While some responded with references to the “idea of India” being hurt, others worried that India’s image and foreign policy could be overshadowed by such incidents. “There have been a string of events that are tarnishing India’s image,” says the former Ambassador, Neelam Deo, co-founder of the Mumbai-based think tank Gateway House.
Referring to the protests by the Shiv Sena that forced Pakistani singer Ghulam Ali to cancel his concerts in Mumbai and Pune last week, Ms. Deo told The Hindu that such events were disappointing to liberals outside India as well. “Let’s remember that there are many in Pakistan and neighbouring countries who have seen India as a democratic tolerant country to aspire to. That kind of moral image is being risked today.”
On Twitter, the former Foreign Secretary, Nirupama Rao, based in Bengaluru, defended herself after she tweeted: “Where is my India? Anguished and ashamed. I am sure Gandhiji is weeping. Tears in Heaven.” When she was questioned by others on the social media network for taking a pacifist stand, Ms. Rao, who has been a veteran of several rounds of tough negotiations with Pakistan in the past, wrote: “Let us be a grown-up nation. Let us put away intolerance. Cry, the beloved country.”

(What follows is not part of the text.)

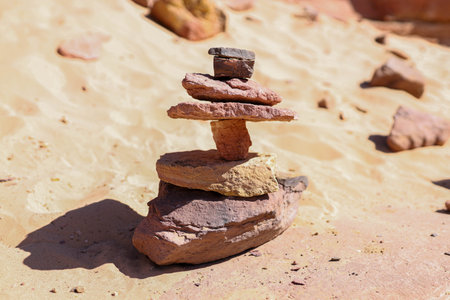 On the sandy surface, a stack of stones is built from red and brown stones of various sizes and shapes, stacked on top of each other. The bottom stone is the largest, while the top one is the smallest.の写真素材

“Regrettable, unfortunate and condemnable,” is how former special envoy Satinder Lambah described the attack.
Asked why leading diplomatic thinkers had been reacting publicly to the events of the last few weeks, which was out of step with the past, the former Ambassador, K.C. Singh, told The Hindu that it was a question of the gap between India’s image and the reality.
“I think it is of concern to all-well thinking people in the country, not just diplomats, that this sort of incident ill goes with the image PM Modi is promoting abroad, and even could overshadow it,” he said.
“Considering the PM was elected on the vision of a progressive inclusive aspirational 21st-century India, the question we are asking is why he doesn’t challenge the rhetoric and actions of his allies and Sangh Parivar fringes?”